Information:
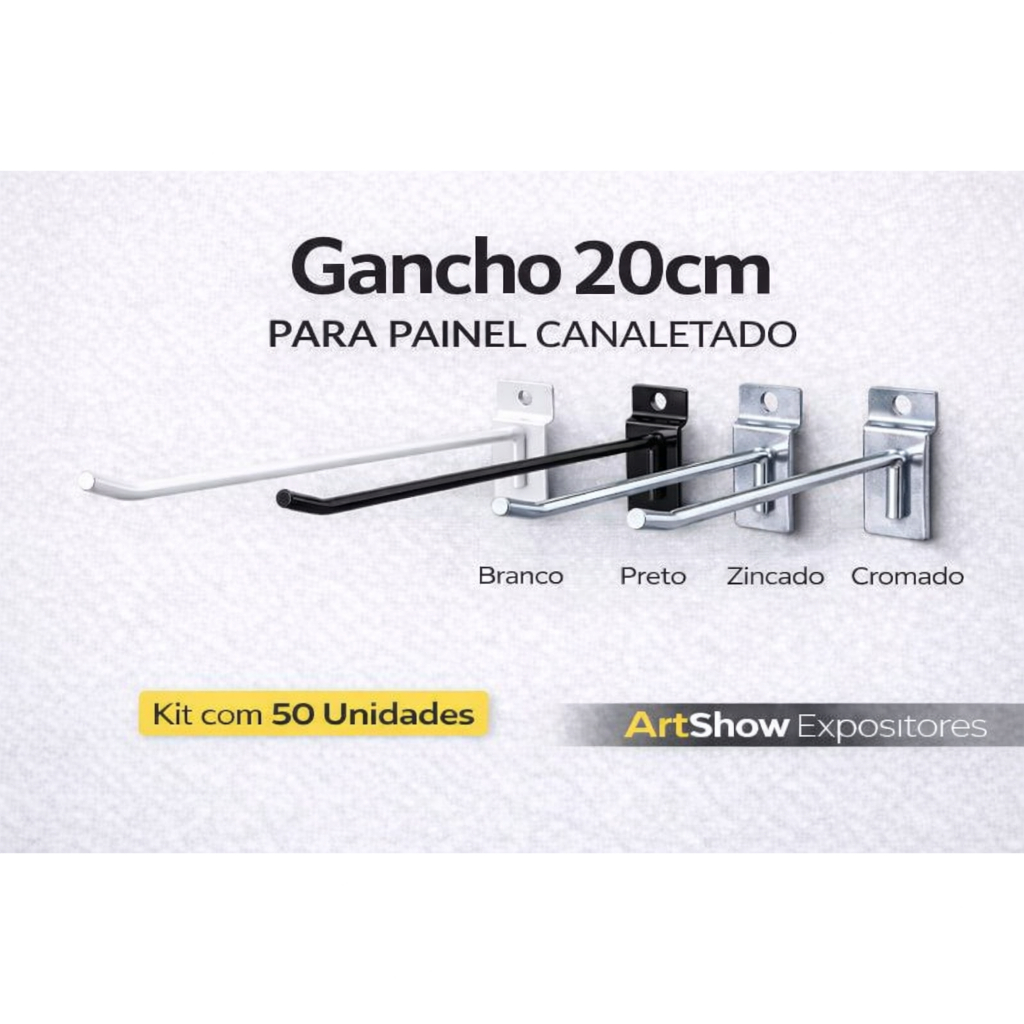 Kit 50 Gancho 20cm Painel Canaletado MDF Reforçado – Loja Expositor Cabide Aramado Branco Preto Cromado Zincado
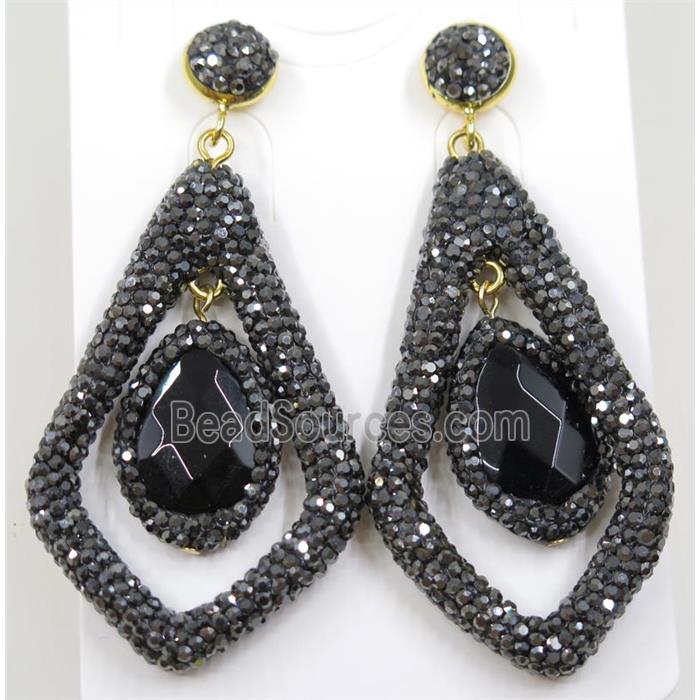 black onyx earring pave rhinestone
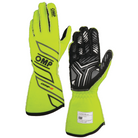 The FIA 8856-2018 homologated yellow OMP One-S Racing Gloves.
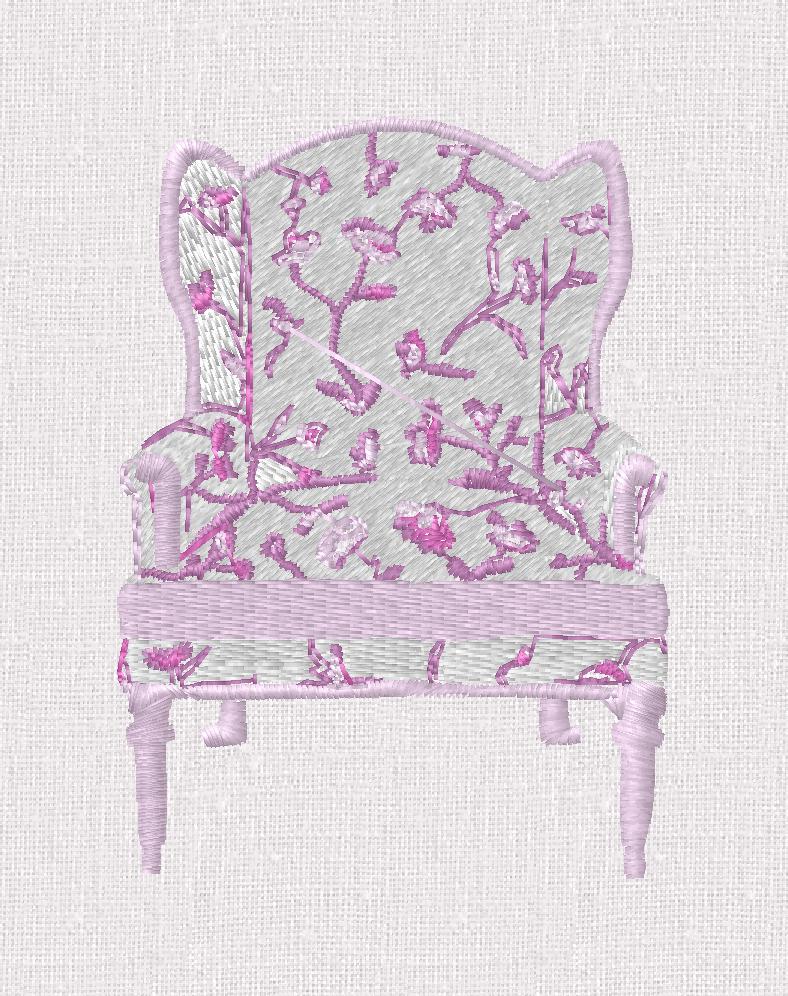 Chinoiserie Chair Embroidery Design: Grandmillennial Stitch File in 10 Formats + SVG File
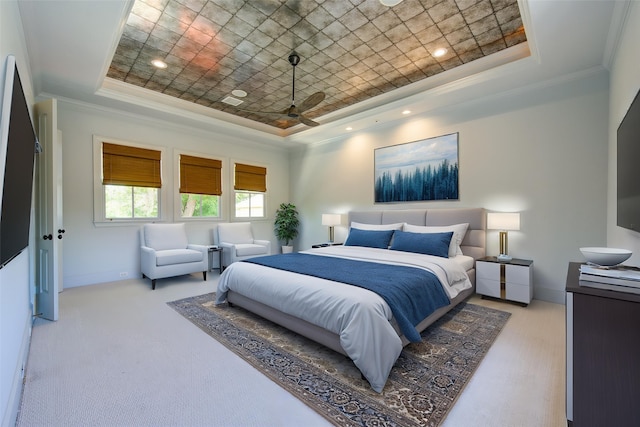 3702 Blue Bonnet, Houston, TX 77025 - bedroom with a tray ceiling, ornamental molding, light carpet, and baseboards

What to work on:
Pictures excluded, reproduce only the part above that opens with the line holding "The FIA 8856-2018" and closes with the line holding "Chinoiserie Chair Embroidery", exactly as written.

Task response:
 The FIA 8856-2018 homologated yellow OMP One-S Racing Gloves.
 Chinoiserie Chair Embroidery Design: Grandmillennial Stitch File in 10 Formats + SVG File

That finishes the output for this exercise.